Modesto Florenzano apresenta os caminhos do revisionismo na historiografia contemporânea da Revolução Inglesa. Traça um paralelo com a historiografia francesa e examina as confluências e diferenças que apontam para essa “herança conflituosa”. Considera François Furet e Lawrence Stone como as principais figuras desse “embate”, que põe de ponta-cabeça os resultados do conhecimento histórico sobre o processo revolucionário. No caso inglês, desde 1953, Trevor-Roper propiciou outra interpretação acerca da visão de Tawney sobre “a ascensão da gentry”, simplesmente negando sua condição de classe empreendedora e capitalista. Acabava por inverter o caráter e o significado de seu ser revolucionário. Modesto sinaliza que a historiografia conservadora, com referência ao revisionismo francês, vai além, passando a negar a própria existência da revolução. Respondendo às principais questões do debate em solo inglês, o historiador destaca o vigor das análises de Thompson, Christopher Hill, Hobsbawm e Perry Anderson, nessas “batalhas espetaculares”.
Izabel Marson retoma as interpretações históricas de Marx e de Victor Hugo no que tange ao Golpe de Estado de 2 de dezembro de 1851. O contraponto se faz por meio das obras O Dezoito Brumário de Luís Bonaparte e Napoleão, o pequeno. Golpe de Estado que inaugura pelas armas o II Império francês e dissolve a República Parlamentar. Victor Hugo, que jogara seu prestígio na eleição presidencial de Luis Bonaparte, agora, desiludido, parte para o ataque. Marson resgata a qualidade da narrativa-testemunho, mas aponta para os limites dos princípios e métodos praticados pela historiografia liberal francesa. O dramaturgo francês é levado à inevitável comparação com a grandeza de um, o tio, e a pequenez política e moral do sobrinho, Napoleão III. Do prisma marxiano, é o processo histórico que torna inteligível os movimentos de indivíduos, grupos, classes sociais, nos episódios do 2 de dezembro e seus desdobramentos. No confronto, a narrativa de Victor Hugo elide a complexidade histórico-social, reduzindo as tramas sociais às ações de um indivíduo. “O acontecimento propriamente dito aparece em sua obra como um raio caído de um céu azul”. Por isto, analisando os eventos políticos, Marx especifica como a luta de classes engendrou “as circunstâncias e condições que possibilitaram a uma personagem medíocre e grotesca desempenhar um papel de herói”.

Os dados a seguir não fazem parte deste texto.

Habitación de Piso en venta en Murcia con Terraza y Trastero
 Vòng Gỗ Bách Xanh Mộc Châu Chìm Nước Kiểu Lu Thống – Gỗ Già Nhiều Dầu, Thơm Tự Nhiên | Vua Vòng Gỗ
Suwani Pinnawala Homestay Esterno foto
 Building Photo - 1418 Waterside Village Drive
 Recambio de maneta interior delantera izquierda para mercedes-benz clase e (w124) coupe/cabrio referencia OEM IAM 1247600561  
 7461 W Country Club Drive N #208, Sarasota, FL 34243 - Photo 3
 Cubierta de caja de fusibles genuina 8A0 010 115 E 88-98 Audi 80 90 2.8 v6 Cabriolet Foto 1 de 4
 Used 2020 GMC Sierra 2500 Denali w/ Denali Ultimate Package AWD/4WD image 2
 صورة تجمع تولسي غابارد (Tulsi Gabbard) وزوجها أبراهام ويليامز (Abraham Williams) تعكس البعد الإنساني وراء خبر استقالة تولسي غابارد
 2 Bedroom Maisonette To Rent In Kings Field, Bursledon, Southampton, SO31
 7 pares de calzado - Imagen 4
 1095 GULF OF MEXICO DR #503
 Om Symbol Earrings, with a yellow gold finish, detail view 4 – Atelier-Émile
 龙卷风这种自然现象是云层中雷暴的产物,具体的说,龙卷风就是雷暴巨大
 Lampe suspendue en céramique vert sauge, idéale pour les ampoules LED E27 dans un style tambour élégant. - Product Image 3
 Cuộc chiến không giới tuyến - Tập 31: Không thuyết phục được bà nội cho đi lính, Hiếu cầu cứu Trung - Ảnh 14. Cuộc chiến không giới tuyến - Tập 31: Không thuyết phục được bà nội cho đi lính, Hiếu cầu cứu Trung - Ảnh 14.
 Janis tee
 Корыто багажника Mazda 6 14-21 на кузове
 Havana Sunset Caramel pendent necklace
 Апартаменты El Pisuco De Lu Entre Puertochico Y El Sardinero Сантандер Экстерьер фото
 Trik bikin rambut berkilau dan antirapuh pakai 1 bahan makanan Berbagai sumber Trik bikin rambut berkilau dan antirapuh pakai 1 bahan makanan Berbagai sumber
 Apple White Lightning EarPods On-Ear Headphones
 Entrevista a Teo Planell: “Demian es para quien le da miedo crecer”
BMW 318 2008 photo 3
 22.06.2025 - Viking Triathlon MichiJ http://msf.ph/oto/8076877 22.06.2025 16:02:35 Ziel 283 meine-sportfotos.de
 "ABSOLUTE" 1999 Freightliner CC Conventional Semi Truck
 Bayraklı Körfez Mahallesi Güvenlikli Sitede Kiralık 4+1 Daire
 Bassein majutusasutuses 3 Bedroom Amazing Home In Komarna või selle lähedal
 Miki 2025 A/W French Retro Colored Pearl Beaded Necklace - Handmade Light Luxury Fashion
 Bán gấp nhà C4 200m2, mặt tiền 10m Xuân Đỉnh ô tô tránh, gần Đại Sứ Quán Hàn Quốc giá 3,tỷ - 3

Vera Lucia Vieira, num esforço exemplar, expõe os limites e as possibilidades das constituições burguesas. Enfrentando questões espinhosas das relações entre iluminismo, liberalismo, constitucionalismo e também o fluxo da democracia para formas autocráticas no bojo das lutas de classe, a autora aponta para a determinação ontonegativa da politicidade que perpassa o aparato jurídico da dominação proprietária. Do prisma marxiano, mostra como os passos constitucionais não se separam dos conflitos práticos que se estampam na consolidação conservadora após os processos sociais advindos com as revoluções burguesas. É na própria organização social, em sua disposição assimétrica, que se encontram os pilares que estruturam a base do poder político do capital. E não na busca da inteligência ou vontade políticas. Com as intervenções revolucionárias da classe trabalhadora, os proprietários, em sua resposta contra-revolucionária, sedimentaram seu mando com uma legislação feroz e violenta regrando a mobilização das classes subalternas.
Lincoln Secco apresenta um amplo balanço das configurações do “comunismo histórico”, expressão que denota o papel dos partidos comunistas no poder político de várias formações sociais cuja organização produtiva se estruturou a partir da abolição da propriedade privada dos meios de produção. O autor investiga a complexidade do movimento comunista, desde a revolução russa de 1917, os impasses do drama histórico e da crise advinda com o relatório dos crimes de Stalin revelado no XX Congresso do PCUS em 1956, assim como a ruptura entre URSS e China, em 1961. Passa em exame as revoltas estudantis e populares, como a invasão da Tchecoslováquia, em 1968, os conflitos fronteiriços entre China e URSS, de 1969, assim como o declínio e a estagnação de suas formas produtivas e a crise social aberta no sistema. O historiador fornece um quadro preciso da distribuição das forças comunistas em vários países, não apenas na Europa, mas também na Ásia e na América Latina.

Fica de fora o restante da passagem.